After the above discussion, it seems paramount that one adjusts the individual assets' expected return and variance before attempting to optimize a portfolio. It is for this reason that the models produced by the Models API, have their returns and covariances adjusted to match a given investment horizon.

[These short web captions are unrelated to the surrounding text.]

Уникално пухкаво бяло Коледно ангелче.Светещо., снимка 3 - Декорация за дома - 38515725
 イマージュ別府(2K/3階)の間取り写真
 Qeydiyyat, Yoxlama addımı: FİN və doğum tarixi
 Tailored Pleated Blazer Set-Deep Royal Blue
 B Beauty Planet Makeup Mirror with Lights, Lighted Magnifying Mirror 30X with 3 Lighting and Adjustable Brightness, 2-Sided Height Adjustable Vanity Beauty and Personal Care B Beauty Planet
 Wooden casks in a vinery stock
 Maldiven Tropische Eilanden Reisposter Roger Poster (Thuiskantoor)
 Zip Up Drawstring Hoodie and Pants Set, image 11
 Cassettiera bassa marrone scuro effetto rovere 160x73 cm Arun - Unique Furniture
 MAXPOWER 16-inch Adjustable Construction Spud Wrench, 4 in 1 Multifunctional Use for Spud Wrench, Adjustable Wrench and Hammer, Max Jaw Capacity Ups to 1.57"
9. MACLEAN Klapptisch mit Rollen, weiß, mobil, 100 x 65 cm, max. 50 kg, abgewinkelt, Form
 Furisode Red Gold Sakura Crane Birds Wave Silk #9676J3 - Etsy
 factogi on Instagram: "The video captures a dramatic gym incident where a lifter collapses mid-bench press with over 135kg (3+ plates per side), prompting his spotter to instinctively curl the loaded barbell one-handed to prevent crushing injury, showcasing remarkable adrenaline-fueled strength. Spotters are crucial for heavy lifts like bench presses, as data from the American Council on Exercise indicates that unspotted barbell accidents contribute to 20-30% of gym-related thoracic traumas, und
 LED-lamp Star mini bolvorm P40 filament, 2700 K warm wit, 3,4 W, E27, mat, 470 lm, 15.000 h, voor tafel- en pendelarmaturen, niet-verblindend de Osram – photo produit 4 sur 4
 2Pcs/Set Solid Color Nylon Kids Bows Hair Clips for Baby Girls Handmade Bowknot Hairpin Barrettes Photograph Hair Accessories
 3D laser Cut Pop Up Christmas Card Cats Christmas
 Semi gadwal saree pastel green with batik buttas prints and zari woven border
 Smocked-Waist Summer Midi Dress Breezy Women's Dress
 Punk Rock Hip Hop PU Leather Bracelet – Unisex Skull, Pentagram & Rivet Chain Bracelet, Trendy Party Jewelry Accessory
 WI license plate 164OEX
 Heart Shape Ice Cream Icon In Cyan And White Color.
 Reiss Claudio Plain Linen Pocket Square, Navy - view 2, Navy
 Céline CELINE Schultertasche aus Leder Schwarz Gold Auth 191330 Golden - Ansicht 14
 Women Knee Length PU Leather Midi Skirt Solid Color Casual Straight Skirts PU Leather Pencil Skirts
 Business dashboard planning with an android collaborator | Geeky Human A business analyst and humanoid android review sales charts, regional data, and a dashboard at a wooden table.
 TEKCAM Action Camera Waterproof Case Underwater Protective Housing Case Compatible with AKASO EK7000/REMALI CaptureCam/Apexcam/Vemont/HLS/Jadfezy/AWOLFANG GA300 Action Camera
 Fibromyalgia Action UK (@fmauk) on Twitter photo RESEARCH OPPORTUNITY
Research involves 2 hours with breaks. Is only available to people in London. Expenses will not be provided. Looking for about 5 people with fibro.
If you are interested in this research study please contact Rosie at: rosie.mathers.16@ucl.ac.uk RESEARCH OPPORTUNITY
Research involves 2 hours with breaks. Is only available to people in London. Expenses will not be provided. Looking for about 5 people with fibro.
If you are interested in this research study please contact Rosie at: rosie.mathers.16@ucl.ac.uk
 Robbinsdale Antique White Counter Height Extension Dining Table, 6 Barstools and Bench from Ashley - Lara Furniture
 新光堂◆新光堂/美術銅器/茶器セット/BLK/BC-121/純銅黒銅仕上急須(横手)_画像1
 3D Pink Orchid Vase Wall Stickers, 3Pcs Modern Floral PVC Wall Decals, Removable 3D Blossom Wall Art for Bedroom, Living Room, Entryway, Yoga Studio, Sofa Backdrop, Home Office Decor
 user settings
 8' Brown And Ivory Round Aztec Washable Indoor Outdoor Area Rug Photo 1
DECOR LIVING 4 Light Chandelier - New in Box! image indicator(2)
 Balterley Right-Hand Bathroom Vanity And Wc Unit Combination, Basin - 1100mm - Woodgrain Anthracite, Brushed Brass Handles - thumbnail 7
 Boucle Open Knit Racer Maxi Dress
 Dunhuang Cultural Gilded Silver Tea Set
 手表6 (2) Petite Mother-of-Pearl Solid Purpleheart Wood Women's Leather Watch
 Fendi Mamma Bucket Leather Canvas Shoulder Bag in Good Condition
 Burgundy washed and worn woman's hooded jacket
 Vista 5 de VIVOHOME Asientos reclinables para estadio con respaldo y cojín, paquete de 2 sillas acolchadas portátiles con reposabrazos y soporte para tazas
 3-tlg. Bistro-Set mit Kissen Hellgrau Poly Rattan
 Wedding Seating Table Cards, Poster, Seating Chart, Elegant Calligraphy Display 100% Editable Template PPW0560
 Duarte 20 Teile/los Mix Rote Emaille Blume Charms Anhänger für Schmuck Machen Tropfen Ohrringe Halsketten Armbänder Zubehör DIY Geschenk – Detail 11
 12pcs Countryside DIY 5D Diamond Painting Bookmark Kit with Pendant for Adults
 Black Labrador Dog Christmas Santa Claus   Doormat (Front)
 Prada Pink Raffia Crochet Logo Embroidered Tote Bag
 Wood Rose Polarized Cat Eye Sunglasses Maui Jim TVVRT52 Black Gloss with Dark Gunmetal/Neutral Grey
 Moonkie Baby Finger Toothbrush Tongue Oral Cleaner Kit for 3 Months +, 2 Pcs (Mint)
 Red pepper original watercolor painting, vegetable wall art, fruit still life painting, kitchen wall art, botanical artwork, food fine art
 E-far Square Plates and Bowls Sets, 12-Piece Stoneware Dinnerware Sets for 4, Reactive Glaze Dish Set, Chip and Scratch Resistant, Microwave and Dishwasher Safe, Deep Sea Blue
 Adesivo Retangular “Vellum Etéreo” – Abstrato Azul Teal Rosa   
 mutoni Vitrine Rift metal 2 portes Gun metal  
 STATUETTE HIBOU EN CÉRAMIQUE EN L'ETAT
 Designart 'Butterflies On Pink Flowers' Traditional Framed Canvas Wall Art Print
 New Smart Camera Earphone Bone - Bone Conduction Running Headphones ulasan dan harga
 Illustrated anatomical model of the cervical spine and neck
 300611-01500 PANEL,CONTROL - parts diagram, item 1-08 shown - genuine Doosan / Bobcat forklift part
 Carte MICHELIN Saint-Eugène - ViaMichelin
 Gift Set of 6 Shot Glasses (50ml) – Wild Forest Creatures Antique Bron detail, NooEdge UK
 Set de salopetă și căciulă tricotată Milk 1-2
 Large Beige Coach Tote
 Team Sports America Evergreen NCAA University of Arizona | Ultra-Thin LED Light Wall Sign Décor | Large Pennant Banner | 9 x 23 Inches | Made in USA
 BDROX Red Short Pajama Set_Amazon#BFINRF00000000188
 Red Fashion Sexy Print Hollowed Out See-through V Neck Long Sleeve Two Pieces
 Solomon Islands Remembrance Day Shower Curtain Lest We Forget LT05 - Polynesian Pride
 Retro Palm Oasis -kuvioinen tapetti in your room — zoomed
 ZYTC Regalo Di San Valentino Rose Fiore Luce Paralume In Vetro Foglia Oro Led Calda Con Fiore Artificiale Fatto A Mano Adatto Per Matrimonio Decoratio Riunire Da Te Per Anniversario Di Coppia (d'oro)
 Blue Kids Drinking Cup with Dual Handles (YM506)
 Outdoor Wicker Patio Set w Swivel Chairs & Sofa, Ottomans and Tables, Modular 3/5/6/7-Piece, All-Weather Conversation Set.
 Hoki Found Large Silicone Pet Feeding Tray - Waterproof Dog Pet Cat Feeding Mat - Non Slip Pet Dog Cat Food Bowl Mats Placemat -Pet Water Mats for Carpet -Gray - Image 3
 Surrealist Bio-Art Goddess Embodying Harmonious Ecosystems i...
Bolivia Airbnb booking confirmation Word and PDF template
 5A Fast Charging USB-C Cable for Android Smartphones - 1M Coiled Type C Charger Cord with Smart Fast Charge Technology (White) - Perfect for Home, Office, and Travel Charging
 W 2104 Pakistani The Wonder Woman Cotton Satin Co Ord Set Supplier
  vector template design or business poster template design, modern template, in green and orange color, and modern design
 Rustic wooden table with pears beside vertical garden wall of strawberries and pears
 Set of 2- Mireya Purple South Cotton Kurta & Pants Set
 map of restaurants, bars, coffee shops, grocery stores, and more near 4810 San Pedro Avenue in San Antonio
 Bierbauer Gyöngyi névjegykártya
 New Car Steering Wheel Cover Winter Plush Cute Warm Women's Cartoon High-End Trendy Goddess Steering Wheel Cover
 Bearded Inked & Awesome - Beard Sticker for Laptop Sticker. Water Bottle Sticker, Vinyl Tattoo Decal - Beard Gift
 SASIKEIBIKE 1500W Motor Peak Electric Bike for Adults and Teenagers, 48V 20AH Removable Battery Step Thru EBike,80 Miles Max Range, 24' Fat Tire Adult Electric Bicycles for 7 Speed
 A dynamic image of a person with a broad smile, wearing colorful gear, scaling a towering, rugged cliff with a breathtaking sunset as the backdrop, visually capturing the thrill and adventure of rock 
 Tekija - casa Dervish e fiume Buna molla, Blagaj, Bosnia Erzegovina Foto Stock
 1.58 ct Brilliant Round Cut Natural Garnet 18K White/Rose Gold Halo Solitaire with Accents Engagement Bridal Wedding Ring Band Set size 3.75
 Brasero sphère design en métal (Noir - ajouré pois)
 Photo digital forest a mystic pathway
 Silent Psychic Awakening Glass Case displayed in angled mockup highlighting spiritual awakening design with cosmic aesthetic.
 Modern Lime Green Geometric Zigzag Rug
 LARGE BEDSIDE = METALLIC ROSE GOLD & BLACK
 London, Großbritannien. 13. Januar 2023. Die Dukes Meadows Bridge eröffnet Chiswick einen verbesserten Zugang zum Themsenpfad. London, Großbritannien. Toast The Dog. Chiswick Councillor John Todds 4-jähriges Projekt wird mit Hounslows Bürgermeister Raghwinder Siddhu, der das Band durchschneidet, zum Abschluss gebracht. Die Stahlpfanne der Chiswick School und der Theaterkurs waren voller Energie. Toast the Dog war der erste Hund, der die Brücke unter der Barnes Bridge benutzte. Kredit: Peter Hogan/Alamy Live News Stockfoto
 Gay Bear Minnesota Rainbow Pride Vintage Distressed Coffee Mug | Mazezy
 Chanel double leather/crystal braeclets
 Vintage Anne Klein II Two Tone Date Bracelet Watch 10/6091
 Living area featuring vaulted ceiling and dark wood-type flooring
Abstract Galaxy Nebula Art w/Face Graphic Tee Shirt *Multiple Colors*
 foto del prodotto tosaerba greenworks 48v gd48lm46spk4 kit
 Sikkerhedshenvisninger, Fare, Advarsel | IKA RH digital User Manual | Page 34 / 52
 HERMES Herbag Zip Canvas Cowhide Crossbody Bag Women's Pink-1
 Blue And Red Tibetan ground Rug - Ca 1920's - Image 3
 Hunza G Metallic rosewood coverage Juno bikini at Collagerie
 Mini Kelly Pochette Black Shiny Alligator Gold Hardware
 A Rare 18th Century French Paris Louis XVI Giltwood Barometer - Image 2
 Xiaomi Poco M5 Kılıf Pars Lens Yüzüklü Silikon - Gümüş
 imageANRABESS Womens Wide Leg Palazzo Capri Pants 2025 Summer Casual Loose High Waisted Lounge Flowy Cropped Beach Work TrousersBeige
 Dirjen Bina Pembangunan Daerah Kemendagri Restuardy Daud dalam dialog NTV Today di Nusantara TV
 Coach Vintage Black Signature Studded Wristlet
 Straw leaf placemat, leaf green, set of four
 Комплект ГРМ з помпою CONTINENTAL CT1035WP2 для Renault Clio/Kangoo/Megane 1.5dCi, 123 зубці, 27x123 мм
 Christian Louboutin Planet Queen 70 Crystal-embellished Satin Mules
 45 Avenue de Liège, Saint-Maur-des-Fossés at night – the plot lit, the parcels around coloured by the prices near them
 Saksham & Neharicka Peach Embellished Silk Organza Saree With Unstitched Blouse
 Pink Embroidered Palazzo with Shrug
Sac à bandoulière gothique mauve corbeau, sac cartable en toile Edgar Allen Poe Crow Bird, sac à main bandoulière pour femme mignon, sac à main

That's enough for today. We shall continue discussing models here in future case studies.

Mauricio de Oliveira

References

Harry M. Markowitz, “Portfolio Selection”. Journal of Finance, 7(1): 77 - 91, 1952.
Edwin J. Elton and Martin J. Gruber, Modern Portfolio Theory and Investment Analysis. Fifth Edition, John Wiley and Sons, 1995.
Mark S. Joshi and Jane M. Paterson, Introduction to Mathematical Portfolio Theory. Cambridge University Press, 2013.

Notes

During optimization, investors might want to merge prospective or predictive models based on fundamentals or other considerations.
After compensating for splits and dividends.
Estimating all covariance parameters in large-scale portfolios is a tricky task. More often than not, optimal portfolios end up exploiting features of the covariance matrix that end up in the model via uncertainties in the estimation procedure. Factor models reduce the need to estimat all covariance parameters by structuring the returns as a function of a reduced set of factors, which can be thought of playing a proxy role for a diversified market portfolio. One such typical structure is in the form $$ C = \Sigma_\epsilon + \beta \, C_v \, \beta^T. $$ In the above model, $ \Sigma_\epsilon $ is usually a diagonal matrix, and the covariance matrix $ C_v $ is the covariance matrix of the factors. See the next note and this case study for more details on how those matrices are constructed.
Factor models are typically obtained by first establishing a relationship between the assets and the factors. For example, $$ r_i = \alpha_i + \sum_{k} \beta_{i,k} f_k + \epsilon_i $$ expresses a linear relationship between the return of the $ i $th asset and the factors $ f_k $'s. The coefficient $ \alpha_i $ represents the intrinsic or unsystematic portion of the returns, whereas the $ \beta_{i,j} $'s represent the systematic part. Here again, logarithms complicate things, and one needs to be careful in calculating model estimates. See this case study for more details.